Las luces del tren se encendieron anunciando la noche cuando
el mozo del salón comedor pasó invitando al primer turno de la cena. Cerré el
libro y lo guarde junto al apoyabrazos. Pensaba ir a comer mas tarde, después
que el tren se detuviera en Olavarría. Me levante del asiento y fui al descanso
donde se enganchan ambos vagones, prendí un cigarrillo y lo fume entre las
manos. El paisaje encendido de pequeñas lamparitas brillaba a lo lejos y
recordé las navidades de mi niñez cuando toda la familia se reunía en la casa
de mis abuelos. Allí estaban mis padres juntos, mi hermana desaparecida, mis
tíos, mis primos y los regalos que traía algún mayor disfrazado de Papa Noel.
Volví al asiento, la señora de al lado se había puesto a
tejer, el nene de enfrente lloraba en los brazos de la madre que le hacía
palmadas en la cola, el marido parecía nervioso y se comía las uñas.

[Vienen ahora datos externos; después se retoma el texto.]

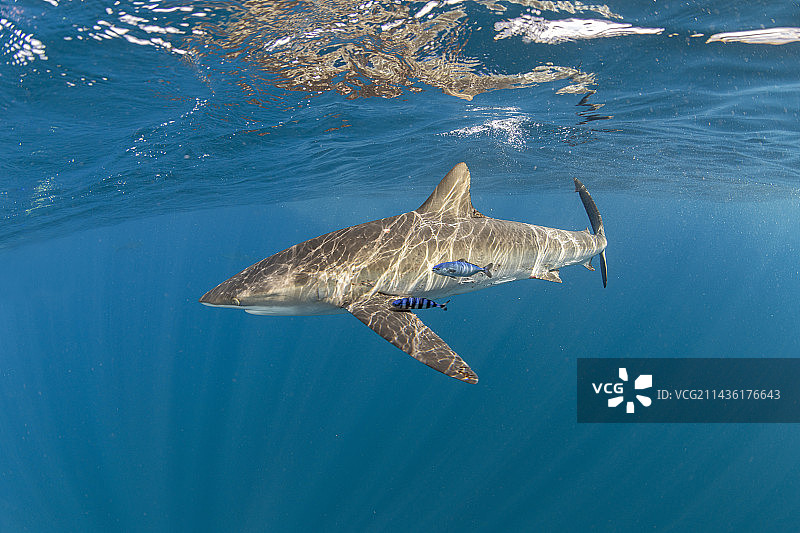 丝鲨(Carcharhinus falciformis)，雌性身上有许多抓痕和咬痕——这是最近交配造成的伤口。在交配过程中，雄鱼经常咬雌鱼的胸鳍。下加利福尼亚，墨西哥，太平洋。图片素材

Las
hermanas habían cambiado sus lugares y charlaban sobre una telenovela. El
gaucho dormía sobre el hombro del pibe que seguía con los auriculares puestos.
Las parejitas de atrás estaban dale que dale con los arrumacos. Algunas madres
seguían luchando con sus críos mientras le pedían ayuda a sus maridos.
“No vayas, no seas boludo, te va a cagar otra vez” había
dicho mi hermano mayor cuando le conté lo ocurrido. “No le creas esa historia
del héroe, si algo de grande es el viejo es que es un gran hijo de puta”. Sabía
que tenía razón pero a esta altura de mi vida necesitaba de ese encuentro, quería
saldar las cuentas pendientes, terminar de una vez y para siempre con esa
historia in-conclusa y perdonarlo como me lo había pedido mi madre.
El tren se fue deteniendo en el medio de la ciudad de
Olavarría y me baje para estirar las piernas, fui al baño de la estación,
compre cigarrillos y un paquete de galletitas Tita. Pensé en mis hijos, una
viviendo en París, el otro enseñando antropología en la universidad de México y
el más grande con su mujer y las nenas, acompañando a su madre en un lugar la
costa. El viaje hacia la última navidad con mi padre había comenzado.